William Sampson has missed 4 of last 9 general elections, didn’t vote for Jimmy Davis in 2014

By David Wildstein, March 17 2021 3:23 pm

The choice of Bayonne Mayor Jimmy Davis to replace Assembly Majority Whip Nicholas Chiaravalloti (D-Bayonne) in the 31st district has never voted in a Democratic primary.

William B. Sampson IV, a 32-year-old crane operator and Longshoremen’s union official, didn’t register to vote in Bayonne until 2012, when he was 24, and has missed four of the nine general elections since then, records from the New Jersey’s Statewide Voter Registration System.

Sampson didn’t vote in general elections in 2013, 2014, 2015, and 2019, missing three of the last four races for the State Assembly seat he is currently seeking.

Chiaravalloti, once a top political ally of Davis, has fallen out of favor.  Davis told party leaders that he wants to exercise his unwritten prerogative to name Bayonne’s representative in the legislature.

Sampson did not vote in the May 2014 municipal election when Davis ousted incumbent Mayor Mark Smith.

Hudson County Democratic leaders are prepared to honor an agreement that gives the seat to the mayor of Bayonne.

Chiaravalloti went to the legislature in 2015 after Davis picked him to replace Assemblyman Jason O’Donnell (D-Bayonne).  O’Donnell had been an ally of Smith, who was unseated by Davis in 2014.

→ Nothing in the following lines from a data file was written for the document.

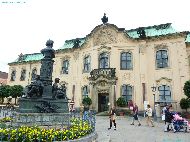 Dresden - Ernst Rietschel Denkmal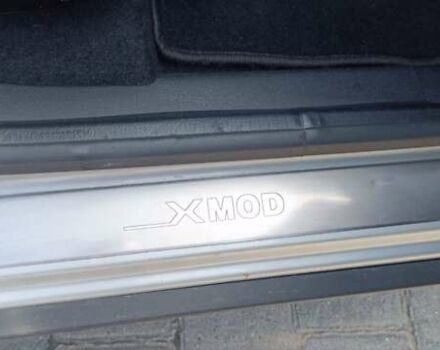 Сірий Рено Scenic XMOD, об'ємом двигуна 1.46 л та пробігом 220 тис. км за 10249 $, фото 16 на Automoto.ua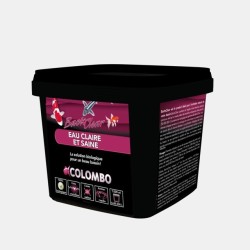 Algadres Bassin - Colombo Traitement des algues en suspension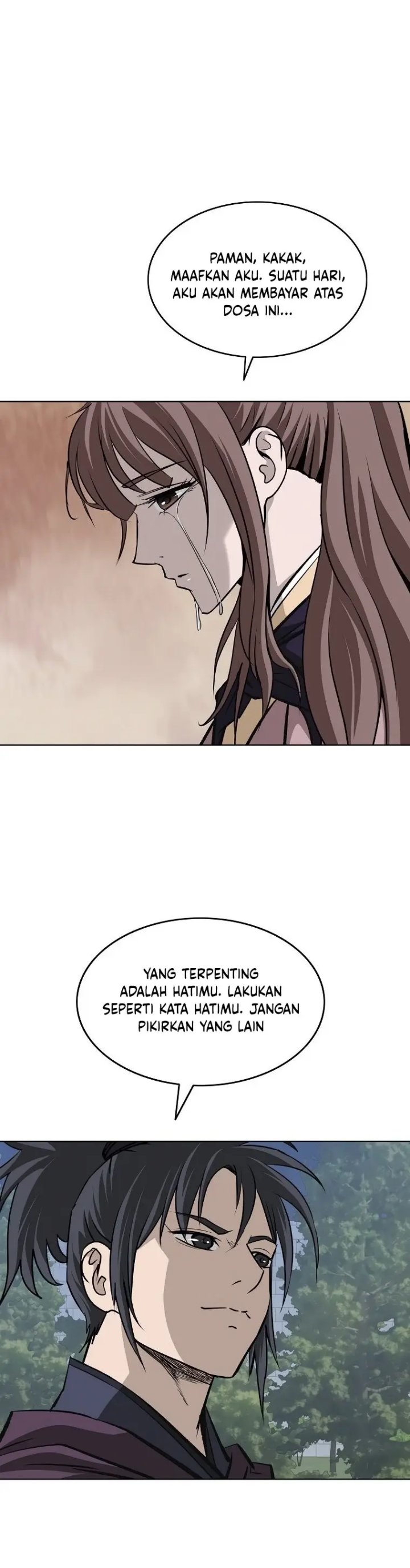 Bowblade Spirit Chapter 139 Gambar 19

Sampson’s failure to actually vote in elections came under the backdrop of his role as the political liaison to the International Longshoremen’s Association Local 1588, which operates at the Port of Bayonne.

A 1:05 PM call to Sampson’s personal cell phone was promptly returned by his mother, who promised that the Assembly candidate would call back within an hour.  He did not.

The fledgling candidate’s shoddy voting record could be a problem if there is a last ditch effort to save Chiaravalloti.

“Party leaders who go along with a broken candidate selection process run the risk of shooting themselves in the foot,” said Micah Rasmussen, the director of the Rebovich Institute for New Jersey Politics at Rider University.  “It’s still more fodder for reformers who argue party leaders exercise their powers recklessly or with impunity, which by the way is incredibly frustrating for those who argue a party’s organizers do have a proper role to play in selecting candidates.  This isn’t it.”

Still, the 31st district, which includes Bayonne and part of Jersey City, is one of the most heavily Democratic in the state.  A Republican hasn’t represented Bayonne in the New Jersey legislature since GOP incumbents elected on Warren Harding’s coattails in 1920 all lost re-election in 1921.

In a resume supplied to Hudson County Democrats, Sampson touts his “great attendance,” his ability to “manage time effectively,” and his “proven ability to handle multiple priorities in an effective manner.”  Among his “key qualifications,” Sampson says, is that he “adheres to policies and procedures at all times.”